Attack Surface was published by Tor Books in October 2020. Masha Maximow appeared in both Little Brother and its YA sequel Homeland as an ambiguous figure — a brilliant hacker who worked for the DHS while secretly helping the resistance, motivated by self-interest as much as principle. In Attack Surface, she is the protagonist, and Doctorow uses her moral complexity to explore the most uncomfortable question in the surveillance debate: what about the people who build the tools?
Masha works for Xoth Intelligence, a private military contractor that sells surveillance technology to governments. In Iraq, she helped build a system that tracked and suppressed insurgents. In the fictional Eastern European country of Slovstakia, she deployed similar tools against pro-democracy protesters. She tells herself that she’s just doing her job, that the technology is neutral, that if she didn’t build it someone else would. Then she returns to San Francisco, where the Oakland police are using surveillance tools derived from her work to monitor Black Lives Matter protesters, and the rationalizations stop working.

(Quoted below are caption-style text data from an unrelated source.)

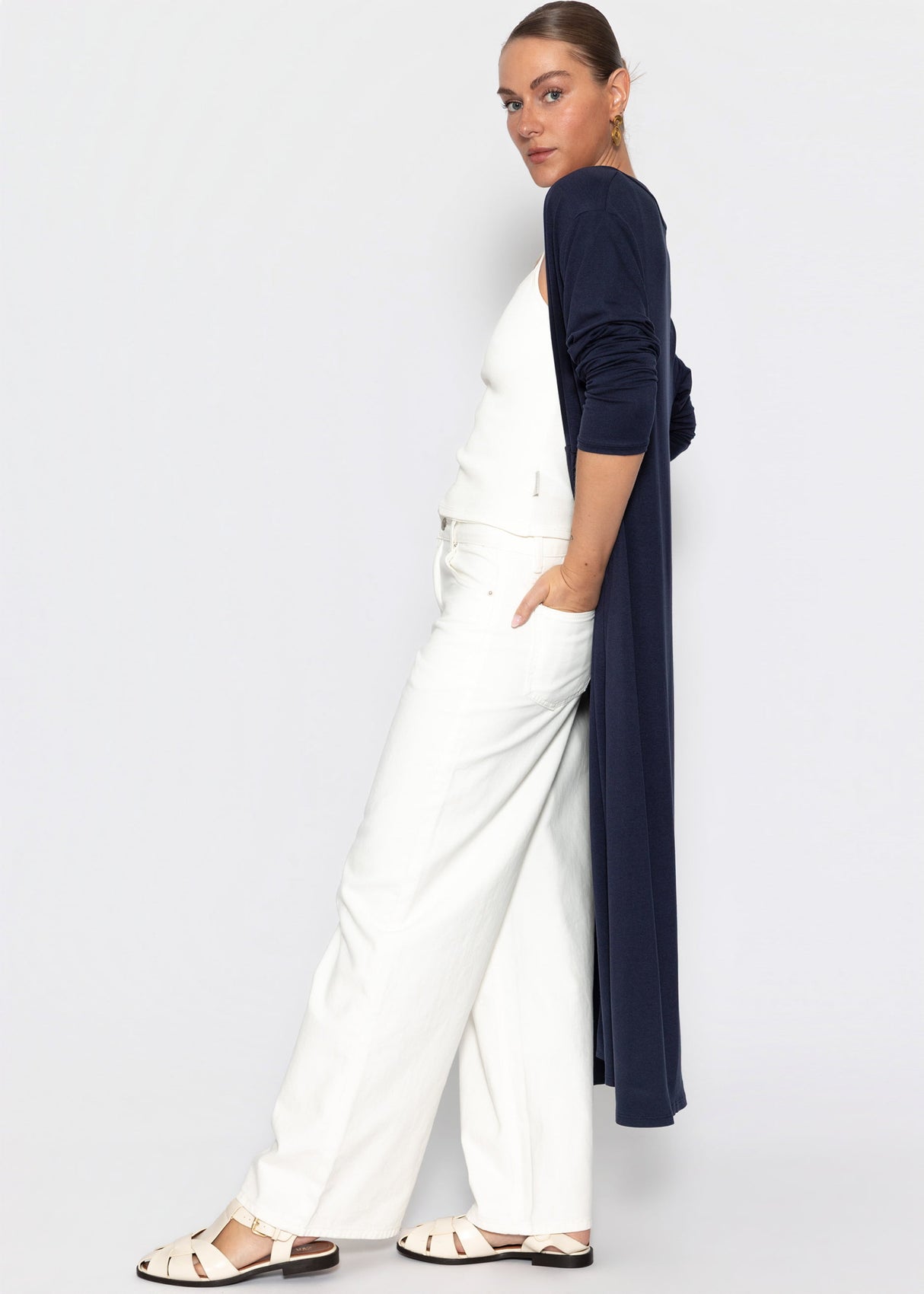 Maxi-Cardigan aus fließendem Jersey - dunkelblau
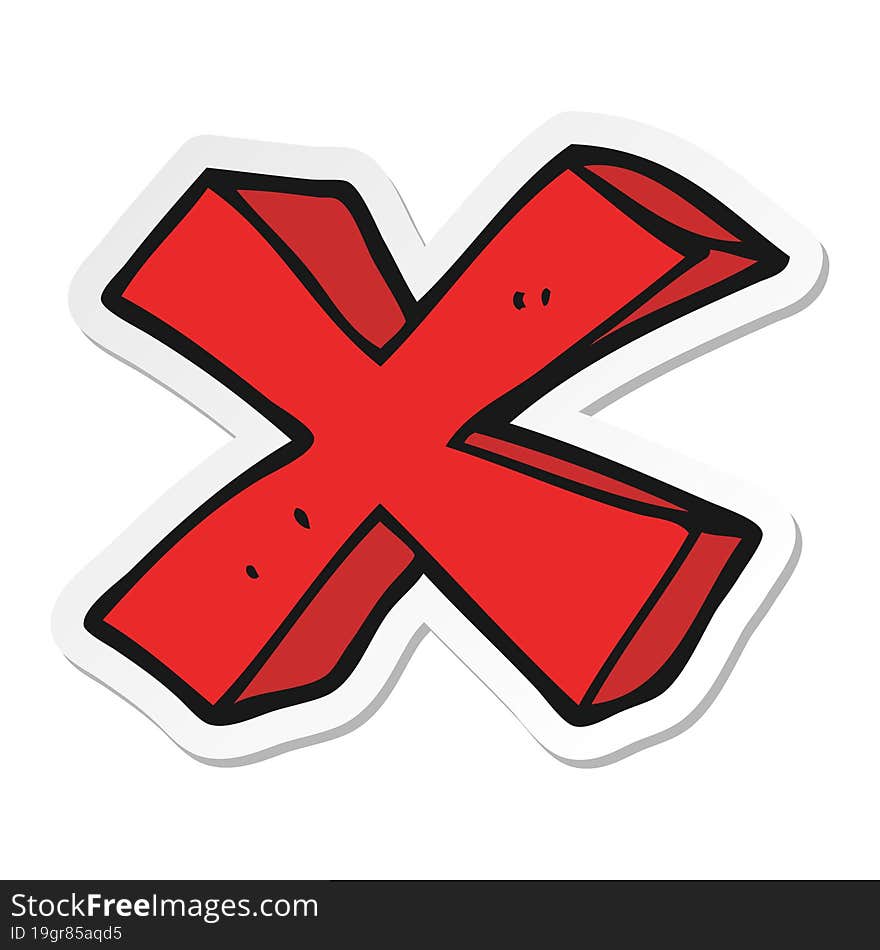 sticker of a cartoon negative x symbol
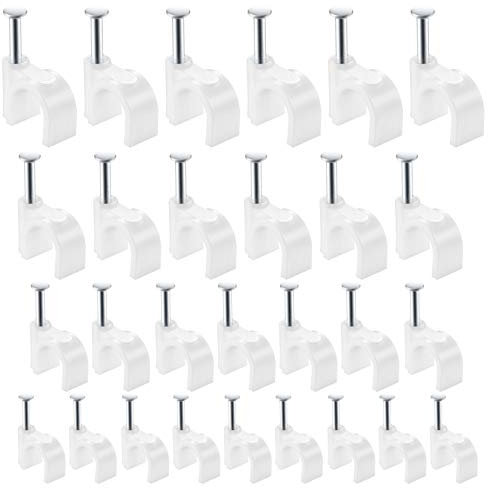 LIAOYUAN 400 Pcs Round Cable Clips, White, 4mm 6mm 8mm 10mm, Ethernet Wire Cable Nails Clips Clamps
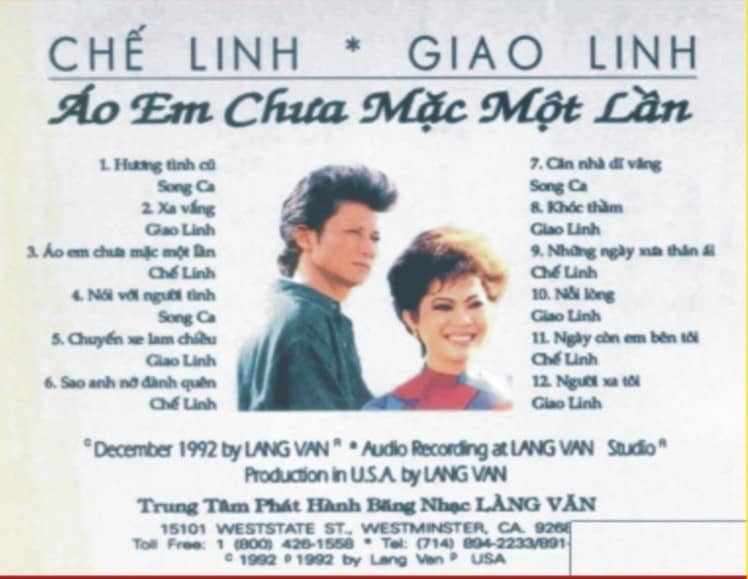 Băng cối Áo em chưa mặc một lần - Chế Linh, Giao Linh 2 Băng cối Áo em chưa mặc một lần - Chế Linh, Giao Linh - Hình ảnh 2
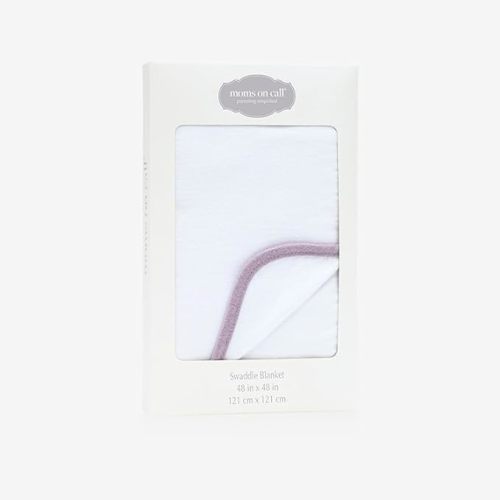 MOMS ON CALL Baby & Newborn Swaddle Blanket | 0-3 Months | Nursery Baby Gift | 48 X 48 Inch | 100% Cotton | Modern White with Gift Box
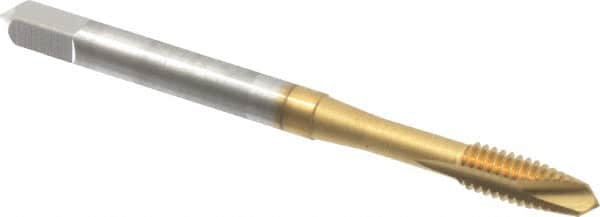OSG - #8-32 UNC, 2 Flute, TiN Finish, High Speed Steel Spiral Point Tap - Plug Chamfer, Right Hand Thread, 2-1/8" OAL, 3/4" Thread Length, 0.168" Shank Diam, 3B Class of Fit, Series 105 - Exact Tooling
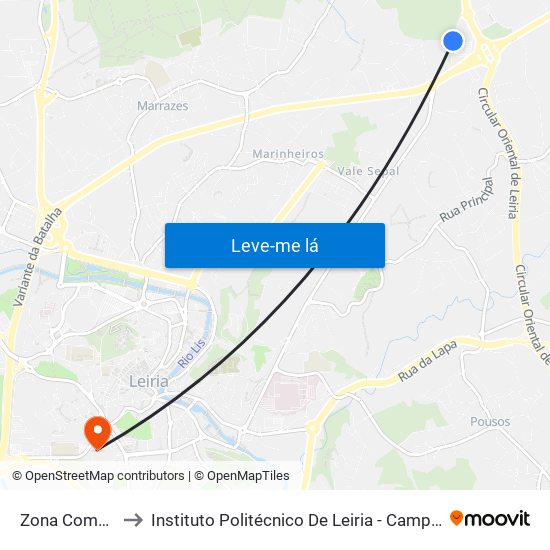 Zona Comercial to Instituto Politécnico De Leiria - Campus 1 Esecs map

The novel is Doctorow’s most morally complex fiction — Masha is neither a hero nor a villain but a person with genuine technical talent and genuine ethical failure, and the book takes both seriously. The technical details are, as always, meticulously researched: Doctorow explains how surveillance systems actually work, how they can be defeated, and how the arms race between surveillance and counter-surveillance shapes the political landscape.
Collecting Attack Surface
First edition (Tor Books, New York, 2020): Cloth binding, dust jacket.